Big data is an expansive umbrella with startups of all stripes squatting under it. Even as the most successful and powerful data miners of the modern web are undoubtedly the dominant consumer platforms -- Google, Facebook, Apple and Amazon in the West, and China's WeChat in Asia -- whose vast digital empires yield them both quantity and quality of data to use as they please.
Yet these tech giants aren't generally in the business of sharing their data holdings to help others -- unless you want to pay them to target digital advertising on your behalf.
Which is where Atomico-backed startup Teralytics spies its own big data opportunity. It's built a platform selling analytics services to customers such as government agencies and transport companies that want to understand complex problems relating to human mobility -- so analyzing things like transport pressure points, or considering the optimum location for a new road, or even monitoring urban air quality without the need to deploy CO2 sensors.
The European startup has been building its analytics platform for around four years at this stage, working in semi stealth up to now to put its core tech in place, while also delivering projects with early partners and customers, such as the air quality monitoring example cited above.
The original idea for the business was spun out of ETH Zurich university, sparked by a conversation one of the co-founders had with a local telco which was looking for help analyzing commuter data on behalf of the government.
Co-founder Georg Polzer says he and his co-founders ended up sleeping in the company's data center as they worked to write code to come up with the answer to the problem -- though he notes he's past the point of personally pulling coding all-nighters himself now.

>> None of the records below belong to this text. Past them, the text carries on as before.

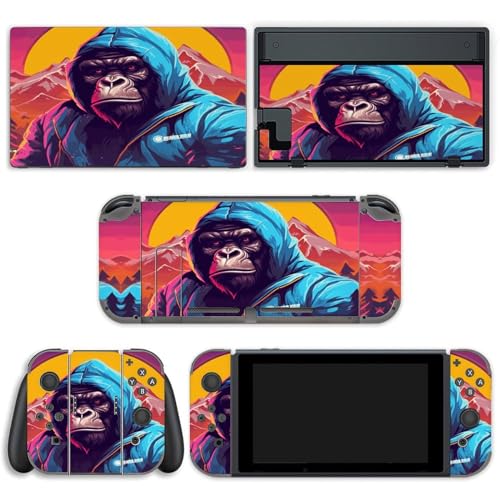 AoHanan Gorilla Wearing Hoodie Mountains Switch Skin Wrap Vinyl Decal Sticker Full Set Compatible with Game Switch Standard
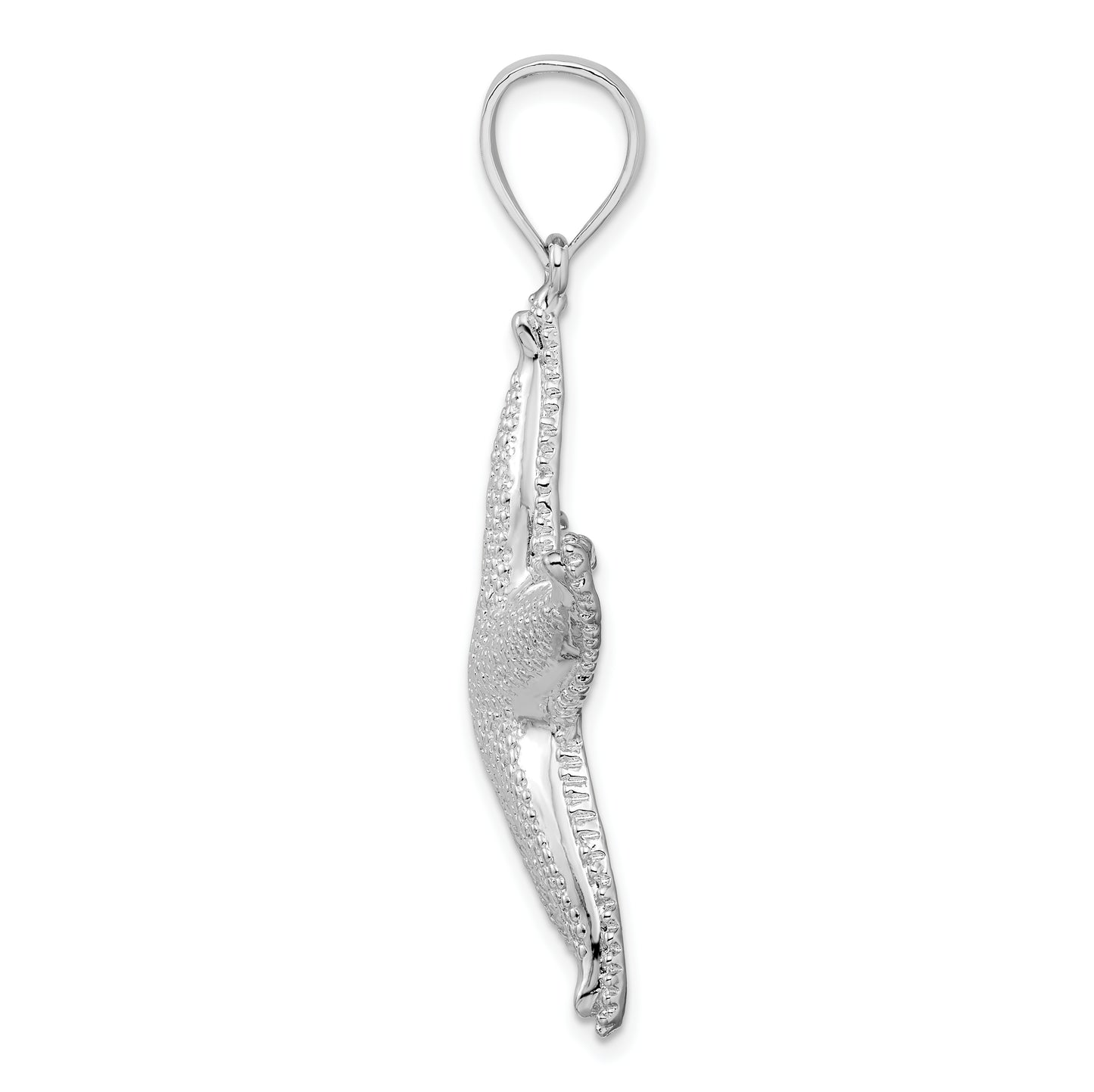 Sterling Silver De-Ani Rhodium-Plated Polished Textured Starfish Pendant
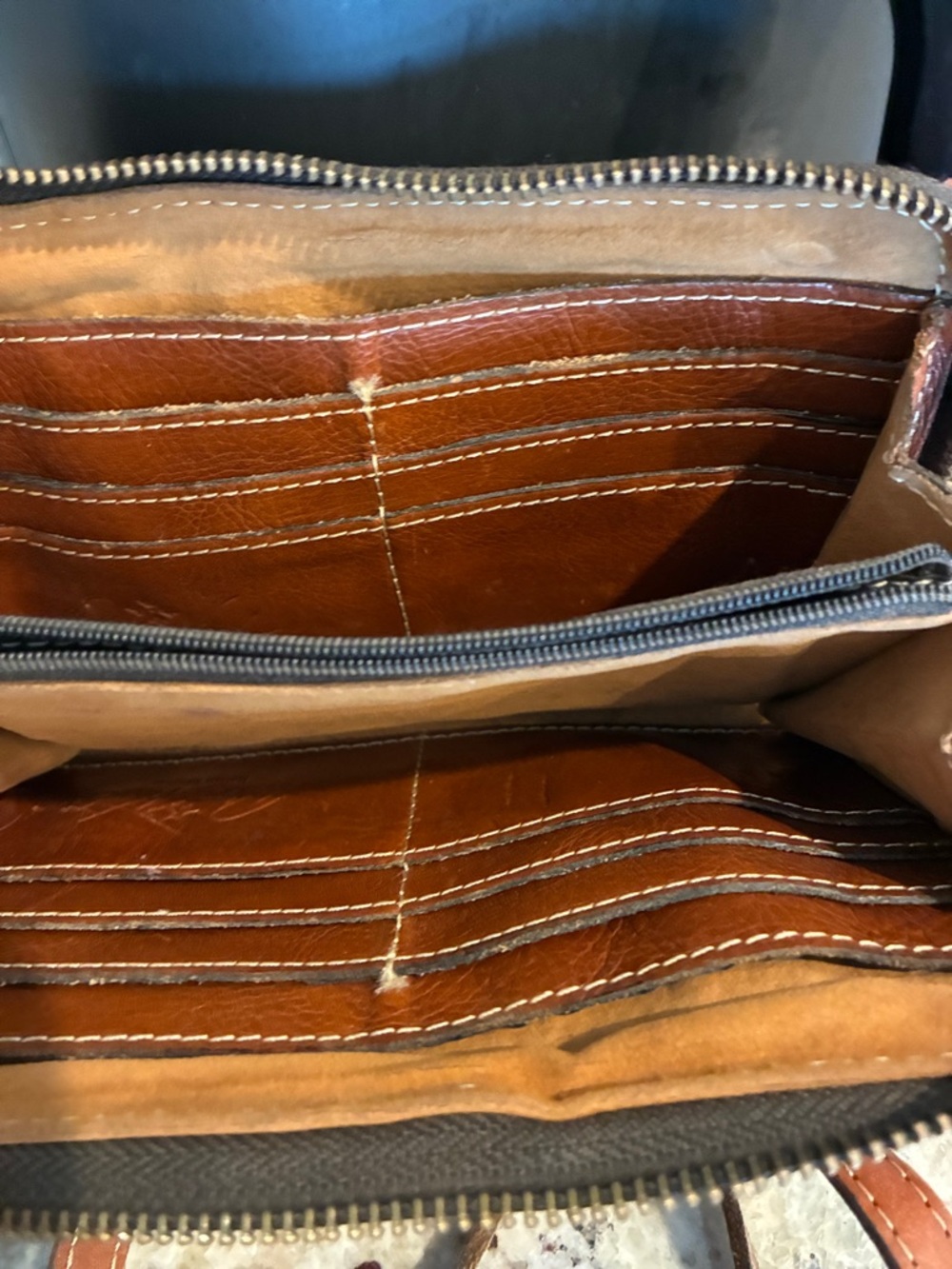 Patricia Nash Brown Leather Crossbody with Burgundy & Olive Accent - Picture 4 of 5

"Back at ETH we were doing a lot of data analysis and by living in Zurich, working in Zurich we got exposure to a Swiss telecom company," he tells TechCrunch. "I got into a conversation with a person there, who mentioned the Swiss government wants to understand how long people travel across the country, to leave their home and reach their destination during the day, and that person at Swisscom said can you help us? And we said sure, we can do it. And with this project we started the company."
Teraltyics has raised around $44 million to date, telling TechCrunch it's taken investment up to a Series C level, and amassing a team of 65 people working out of headquarters in Zurich and offices in New York and Singapore. Along with Niklas Zennström's Atomico fund, investors include Swiss VC firm Lakestar and Hong Kong-based Horizons Ventures.
Its current go-to-market proposition is focused on analyzing human mobility and behavior to meet the changing needs of urban planners and transport providers -- sitting under another techie umbrella: smart cities.
"Big cases that we've either worked on or are working on include things like how can a large transit network operator minimize the amount of money they spend on operating it whilst at the same time providing a better service to citizens," says incoming CEO Alastair MacLeod, who brings a background in telcos to help with the startup's next steps ramping up commercialization of its platform. "We also work with long distance operators on what should their capital plans look like for the next ten years.
"But it's all centered around... the large topics of what's happening to urban environments and what's happening to transportation as new modes of transport come on stream. It's just a huge and mushrooming area and we play directly into that space, helping inform the current providers on how they could do better. But also helping them think about what comes next."
Polzer points to disruption already happening in the transport space as ride-hailing providers like Uber push into cities and station-free bike sharing startups like Ofo proliferate. While also noting larger changes looming -- such as electric and autonomous cars -- which promise to even more radically reshaping urban infrastructure in the coming years.
Cities will need powerful analytics tools to understand and response to these changes, he argues.
"There's a whole technology shift happening in how we move around, and how we organize cities, and this shift needs to be understood and modeled and designed right -- and the right decisions need to be taken," says Polzer. "And I think we really can play that key role to help shape this wave of change."
Every single mayor I talk to says can you please help me understand the effect of Uber and Lyft on my city.
"Every single mayor I talk to says can you please help me understand the effect of Uber and Lyft on my city," he adds. "These are questions they have. It's very, very much on their minds."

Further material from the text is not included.